The SHED creates a venue for new possibilities for students, such as spontaneous performances in the atrium.

“We are on the cusp of something really impactful,” Haskell said. “RIT is creating a complex performing arts ecosystem on campus inside and outside the SHED.”

Carly Wicka, a fourth-year biomedical sciences student from Buffalo, N.Y., is taking advantage of that ecosystem.

A dancer since age 3, Wicka is a leader in performing arts on campus. She joined the student dance company, Vis Viva, in her first year, and now she is one of the head choreographers for the club and

its competitive performance group. Wicka minors in dance and is enrolled this semester in a hip-hop class that meets twice a week in the SHED.

Instructor Julia Nguyen, who discovered dance while she was in college, introduced hip-hop dance to RIT’s Wellness Education in spring 2019. Now, she teaches five sections for Wellness Education and for NTID’s Department of Performing Arts.

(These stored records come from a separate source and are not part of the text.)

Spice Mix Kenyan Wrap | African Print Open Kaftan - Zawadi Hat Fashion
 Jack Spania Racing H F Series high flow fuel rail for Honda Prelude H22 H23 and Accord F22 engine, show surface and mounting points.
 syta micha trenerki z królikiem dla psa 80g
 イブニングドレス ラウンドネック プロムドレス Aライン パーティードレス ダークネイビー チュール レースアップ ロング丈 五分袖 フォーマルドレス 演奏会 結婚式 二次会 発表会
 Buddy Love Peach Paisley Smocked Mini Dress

Wicka’s dance club is excited to have the new studio in the SHED, she said. “We’re all in majors not related to dance, but we still get to come together and do something we love.”

Portrait of Jonathan Dharmadi in front of a spotify logo on a wall

Who named the SHED?

Jonathan Dharmadi ’22 (new media design) will forever hold a unique place in RIT history as the student who named the Student Hall for Exploration and Development (SHED).

His winning entry in the 2021 student contest to name the new makerspace and learning center has strengthened his personal connection with RIT.

“I love keeping up with all things RIT, lacrosse and hockey, and all the interesting new developments,” said Dharmadi, who lives in Queens.

Dharmadi works as a product designer at Spotify in New York City, where he creates digital ads for the music platform service. He said the project-based curriculum of RIT’s new media design program prepared him for an internship at Spotify that turned into a career. Every day he uses the design process he learned at RIT to create digital products that are both functional and visually appealing.

“As a product designer, I am doing a lot of problem solving to improve user experience and to make the content look nice,” he said.

A creative simplicity also led to Dharmadi’s prize-winning name for the new multi-use complex. For light-hearted irony, he likened the “magnificent building” to a modest shed, the kind often found in backyards, where people tinker and create.

Dharmadi, who worked as a Brick City ambassador and campus tour guide, also wanted the name to flow when spoken aloud and to underscore the spirit of the building inspired by the annual Imagine RIT: Creativity and Innovation festival.

“I first came to RIT for Imagine RIT in 2018 because I wanted to check out what it was all about, and that’s when I realized I need to go here,” he said.

When RIT’s financial aid office helped make that possible for Dharmadi, he was determined to give back to the community as a campus tour guide for admissions and through volunteer work.

“Naming the SHED will always be part of me for sure,” Dharmadi said. “It’s an honor to directly contribute to the campus like that.”